[[ Dataset excerpts, beginning ]]

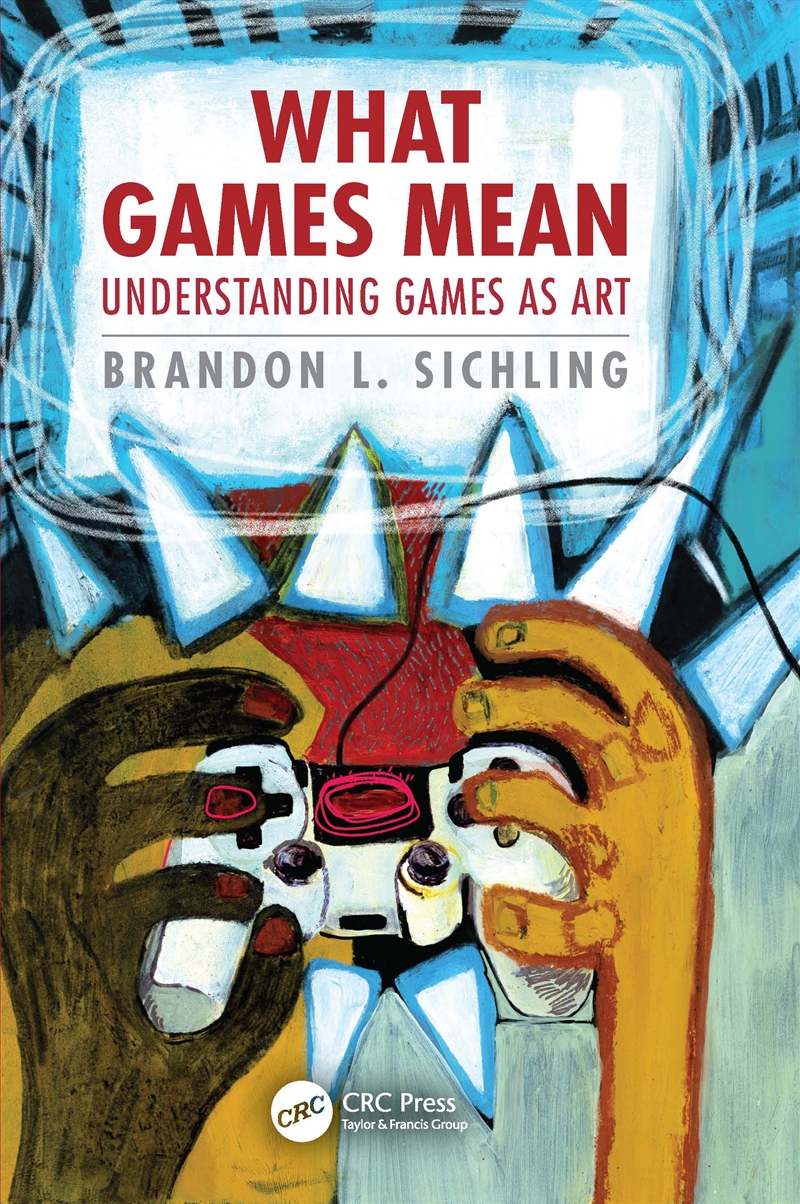 What Games Mean/Product Detail/Society & Culture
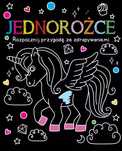 Rozpocznij przygodę ze zdrapywaniem! Jednorożce. Olesiejuk Sp. z o.o.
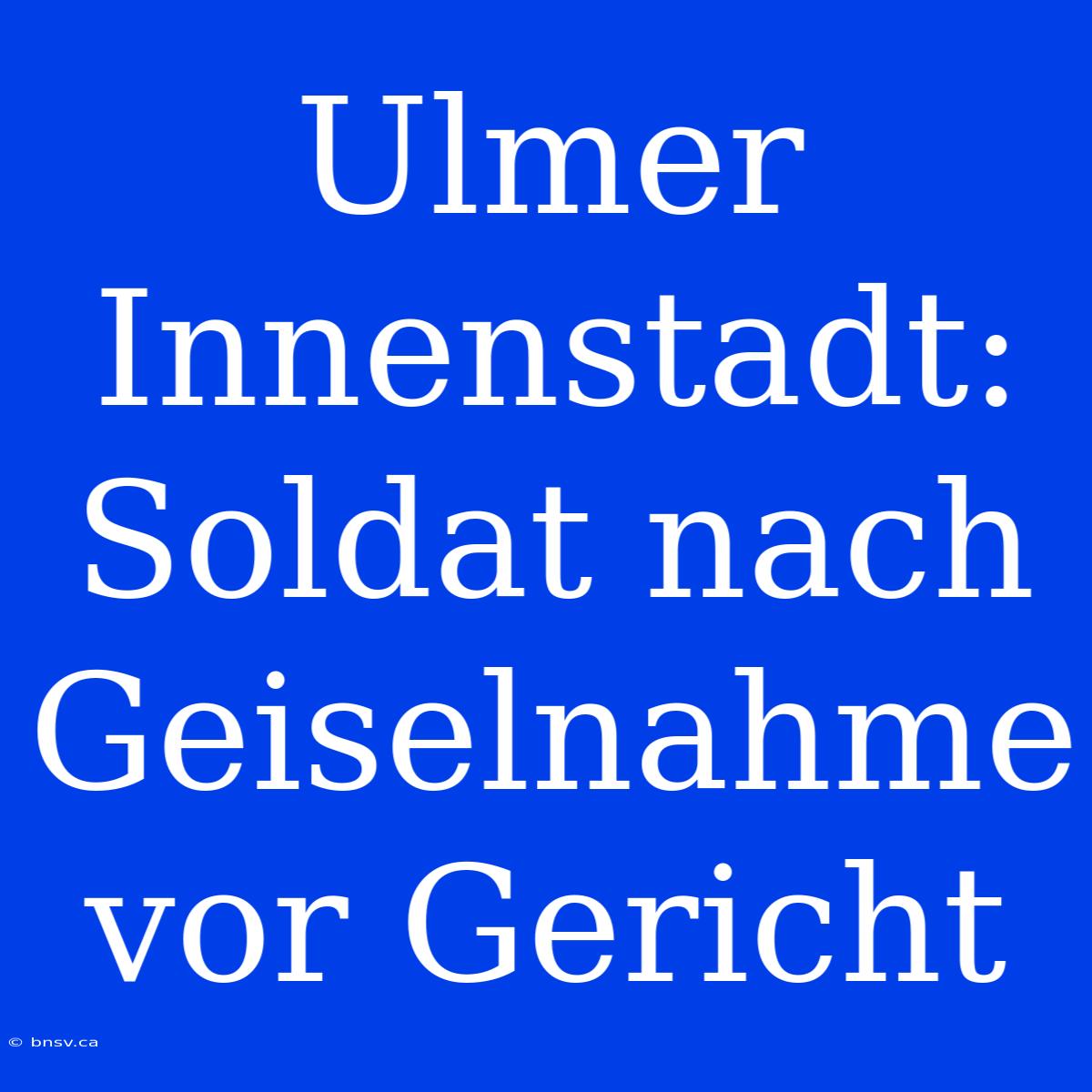 Ulmer Innenstadt: Soldat Nach Geiselnahme Vor Gericht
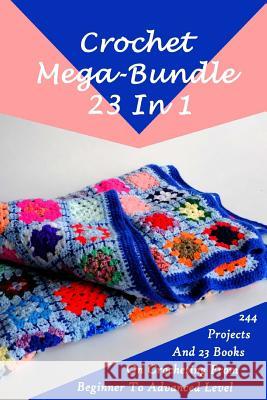 Crochet Mega-Bundle 23 In 1: 244 Projects And 23 Books On Crocheting From Beginner To Advanced Level: (Crochet Pattern Books, Afghan Crochet Patter Link, Julianne 9781986822282 Createspace Independent Publishing Platform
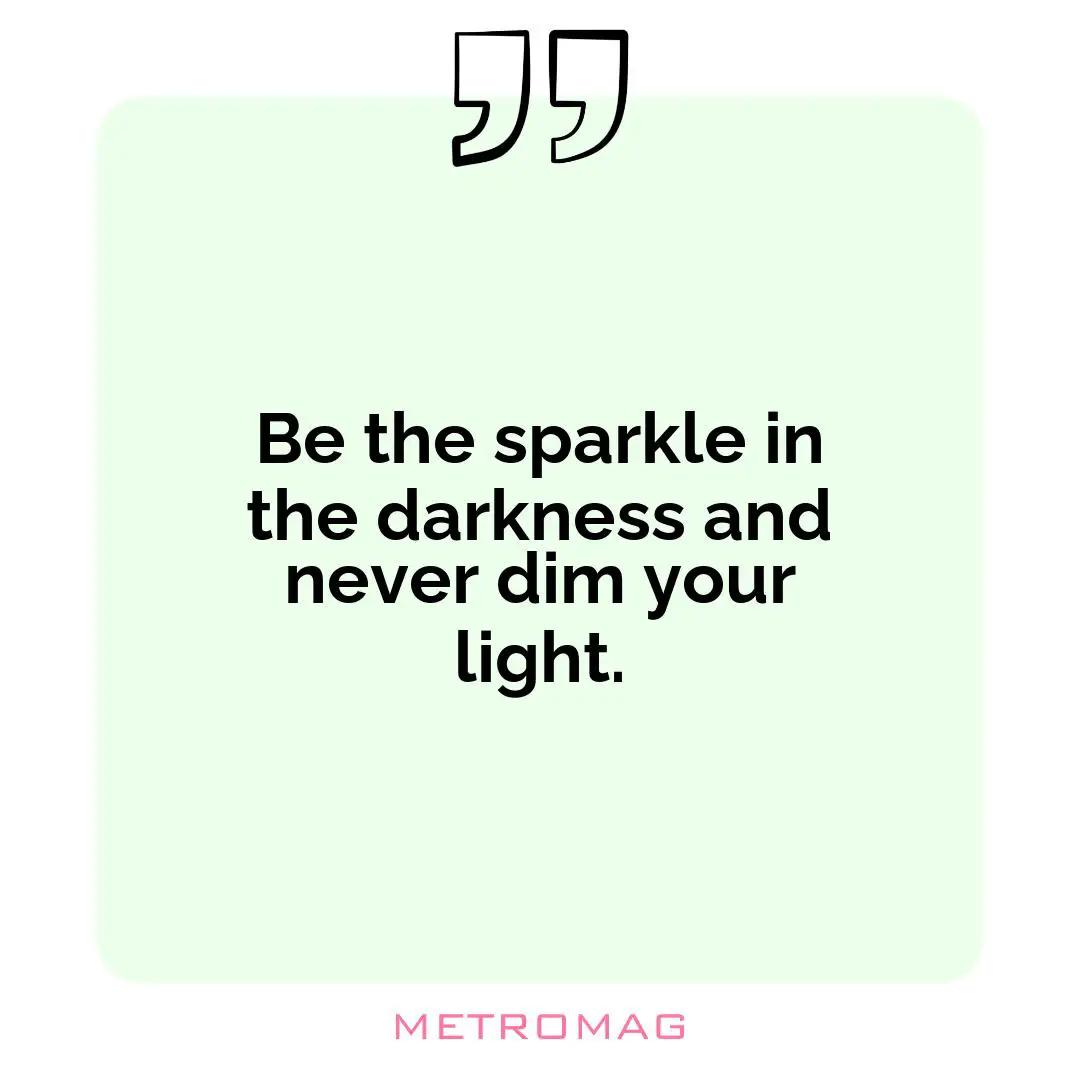 Be the sparkle in the darkness and never dim your light.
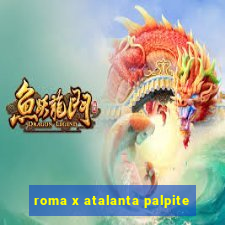 roma x atalanta palpite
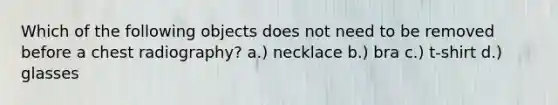 Which of the following objects does not need to be removed before a chest radiography? a.) necklace b.) bra c.) t-shirt d.) glasses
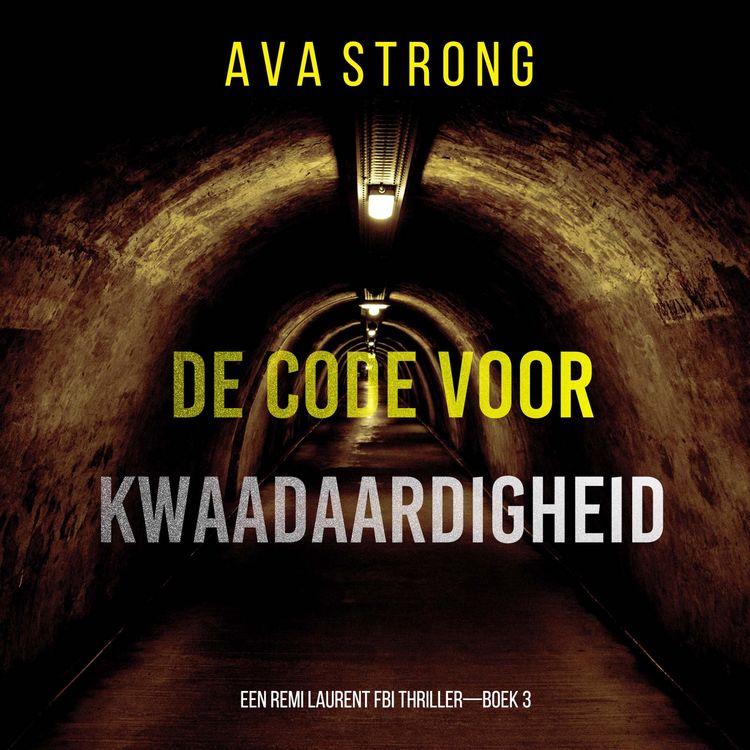 Produktbild: De Code voor Kwaadaardigheid (Een Remi Laurent FBI Thriller&mdash;Boek 3)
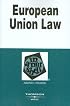 European Union Law in a Nutshell (Nutshell Series)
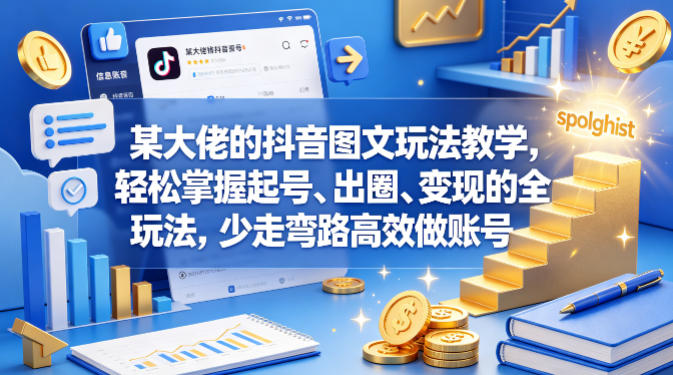 某大佬的抖音图文玩法教学，轻松掌握起号、出圈、变现的全套玩法，少走弯路高效做账号-淘米副业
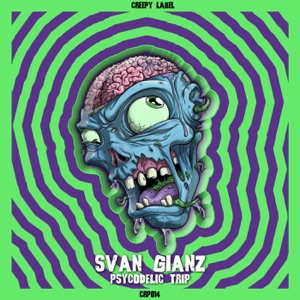 Psycodelic Trip - Single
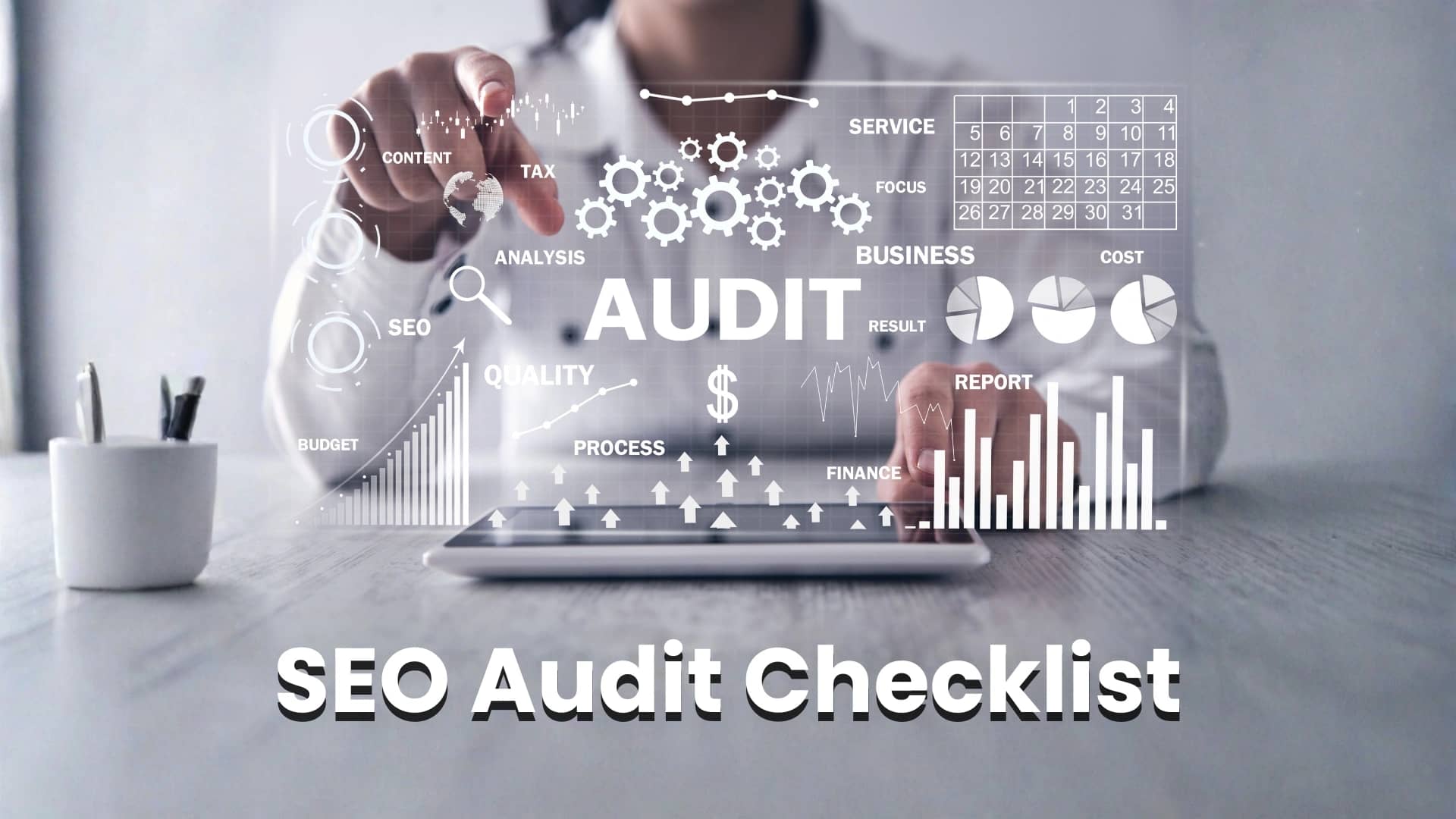 SEO Audit Checklist For 2026: A Complete Guide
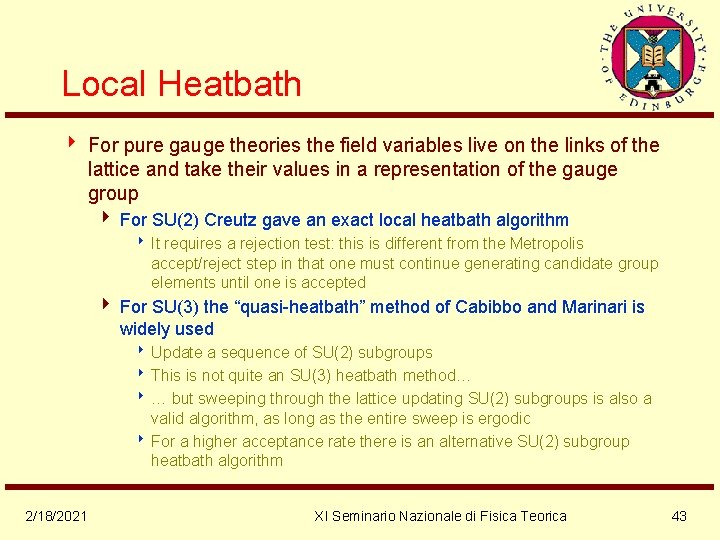 Local Heatbath 4 For pure gauge theories the field variables live on the links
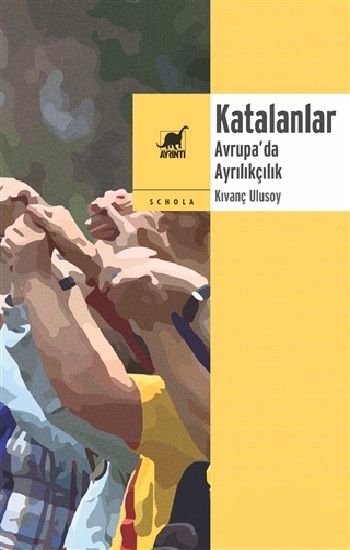 Katalanlar - Avrupa’da Ayrılıkçılık - Ayrıntı Yayınları Kitap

[[ Dataset excerpts, end ]]

Task statement: With the pictures excluded, the records are to be reproduced exactly.

Solution to this exercise:
 What Games Mean/Product Detail/Society & Culture
 Rozpocznij przygodę ze zdrapywaniem! Jednorożce. Olesiejuk Sp. z o.o.
 Ulmer Innenstadt: Soldat Nach Geiselnahme Vor Gericht
 Crochet Mega-Bundle 23 In 1: 244 Projects And 23 Books On Crocheting From Beginner To Advanced Level: (Crochet Pattern Books, Afghan Crochet Patter Link, Julianne 9781986822282 Createspace Independent Publishing Platform
 Be the sparkle in the darkness and never dim your light.
 roma x atalanta palpite
 Which of the following objects does not need to be removed before a chest radiography? a.) necklace b.) bra c.) t-shirt d.) glasses
 Produktbild: De Code voor Kwaadaardigheid (Een Remi Laurent FBI Thriller&mdash;Boek 3)
 European Union Law in a Nutshell (Nutshell Series)
 某大佬的抖音图文玩法教学，轻松掌握起号、出圈、变现的全套玩法，少走弯路高效做账号-淘米副业
 Psycodelic Trip - Single
 SEO Audit Checklist For 2026: A Complete Guide
 Local Heatbath 4 For pure gauge theories the field variables live on the links
 Katalanlar - Avrupa’da Ayrılıkçılık - Ayrıntı Yayınları Kitap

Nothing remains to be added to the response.